Yesterday I actually felt sorry for my son. After school, he had two hours of Hebrew school and a one-hour hockey practice ahead of him. Somewhere in between he had to fit math and social studies homework, 20 minutes of independent reading, and piano and trombone practice. (He really didn't have to practice trombone because yesterday was his first band lesson in school. But he was excited about it and wanted to play it, and who can blame him for that?) Also on this 9-year-old's to-do list: eat and just be a kid.

It came way too close to my own frenetic adult schedule, which--on a day I was supposed to work at home--included a two-hour commute and four hours in the office, having to pick up my son and drive him to Hebrew school, a quick trip to the store to buy underwear, consultations with the workers in my backyard who are building us a new deck, getting two boys dressed and driven to separate hockey practices, and attending an open house at the school to meet their teachers. Dinner? Three brussel sprouts and a chocolate yogurt on the run.

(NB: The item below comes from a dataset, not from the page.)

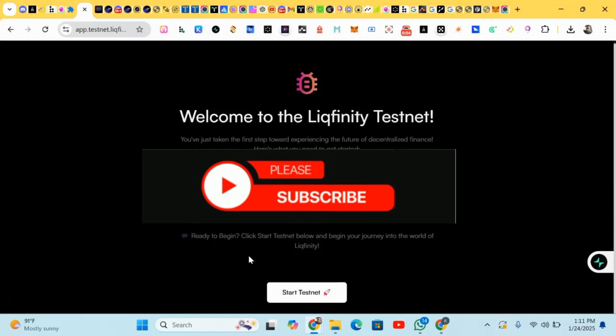Hello guys, this is Crypto Talker right here. In this video I'll be showing you how to earn from this project called Affinity, the Affinity testnet.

Are our lives crazy or what? Worse, are we making our childrens' lives crazy? I ask myself this every time I look at the big calendar on the kitchen wall where I have all their activities written down. I don't mean to pile things on, but with regular school and religious school, music lessons, and a few sports, before you know it you have an overscheduled kid.

Unfortunately, I don't have the perfect solution to this quagmire. Whenever we add a new activity, I try to cut another one out. (This year, Hebrew school took precedence over swimming lessons and Cub Scouts for my older son; hockey replaced karate and swimming for my 6-year-old.)

Even more important is to recognize that no schedule is set in stone. I always listen to my kids and try to gauge what they can handle. If either one seems ill, tired, or overly stressed, we just skip the activity, with no recriminations, no guilt.

Yesterday my son begged me to let him miss Hebrew school. He told me he knew it was important, that he'd go next week, that skipping it once would not turn into a regular routine. Then I looked at his face, I read his voice, and I couldn't give him a good reason at that moment to make him go. At the end of the day, I had a much happier boy.